User:Jeblad/plans and constituents

From Wikidata
Jump to navigation Jump to search

The class/property search[edit]

The class/property search is done by traversing upward the hierarchy, trying to find all entities that branch off to a message. On all branches a penalty is given, and all branches that drops below a certain level is pruned.

As there can be several claims, and there can also be several starting points for the upward travel of the hierarchy. The starting point is given weight according to the rank, so a preferred statement would weight somewhat more heavy than a normal statement. Several preferred statements might add up to make a distant class with a plan the overall winner. Deprecated statements will not be traversed.

It is probably better to make a breath-first search, and prioritize those with highest weight before those with lower weight.

Content determination[edit]

The actual data is coming from statements in ordinary items, that is the statements about the topic described in the Wikipedia articles. Such items have statements, and those use properties (predicates) that themselves have statements pointing to one or more messages.

The possible messages are collected by an upward search in the hierarchy, trying to find all properties that branch off to a message.

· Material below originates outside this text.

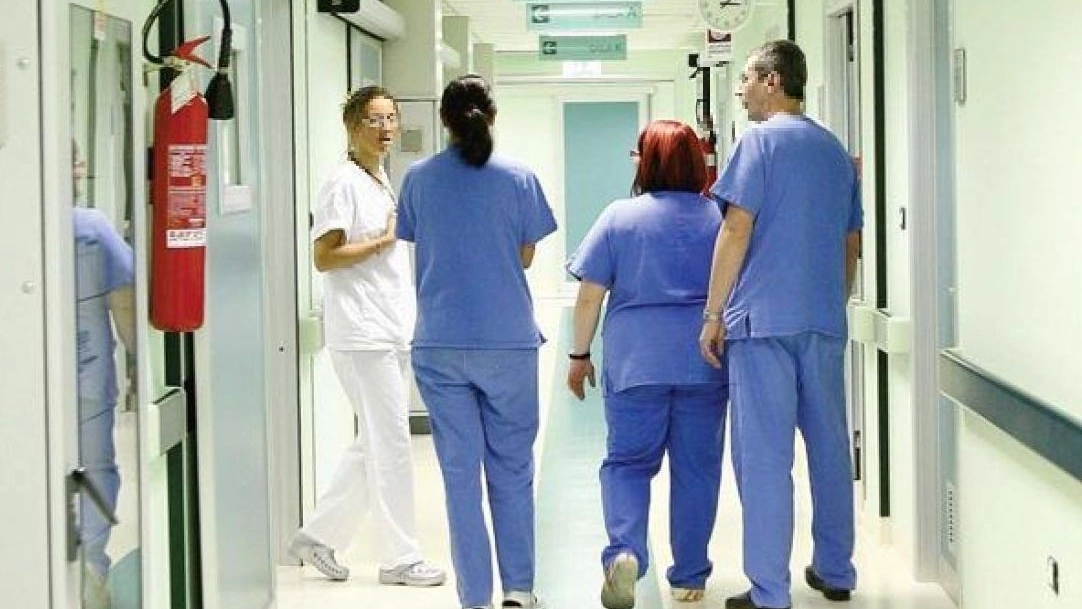 Donato Cosi segretario lombardo del Nursind. I rappresentanti del sindacato ritengono che i “rinforzi” saranno quasi impercettibili: alla fine 15 assunzioni distribuite su 4 ospedali Donato Cosi segretario lombardo del Nursind. I rappresentanti del sindacato ritengono che i “rinforzi” saranno quasi impercettibili: alla fine 15 assunzioni distribuite su 4 ospedali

At least one message must exist for the statement to be considered for inclusion. Which one to use must be considered during optimization of the content generation.

Examples[edit]

Page 62

Instance of message
@prefix rdfs: <http://www.w3.org/2000/01/rdf-schema#> .
@prefix wdt: <http://www.wikidata.org/prop/direct/> .
@prefix skos: <http://www.w3.org/2004/02/skos/core#> .
@prefix schema: <http://schema.org/> .
@prefix wd: <http://www.wikidata.org/entity/> .

wd:Q1234567890 a wikibase:Item ; # fake URI
	rdfs:label "message a"@en ;
	skos:prefLabel "message a"@en ;
	schema:name "message a"@en ;
	schema:description "message to use for data values"@en;
	wdt:P31				# "instance of"
		wd:Q1234567891 .	# "NLG Message"

The generated structure will have pointers to the actual data.

Document structuring[edit]

The actual data is coming from ordinary items, that is those that represents articles in Wikipedia. Such items has an instance of, and that class (resource) has possibly statements pointing to one or more plans.

The possible plans are collected by an upward search in the hierarchy, trying to find all items that branch off to a plan.

At least one of the plans must be a document plan. This will be used to build the first iteration of the document, that is the article, for the items class. If multiple is found a tie-break will be done on the weight for the plans, and the one with highest weight is used.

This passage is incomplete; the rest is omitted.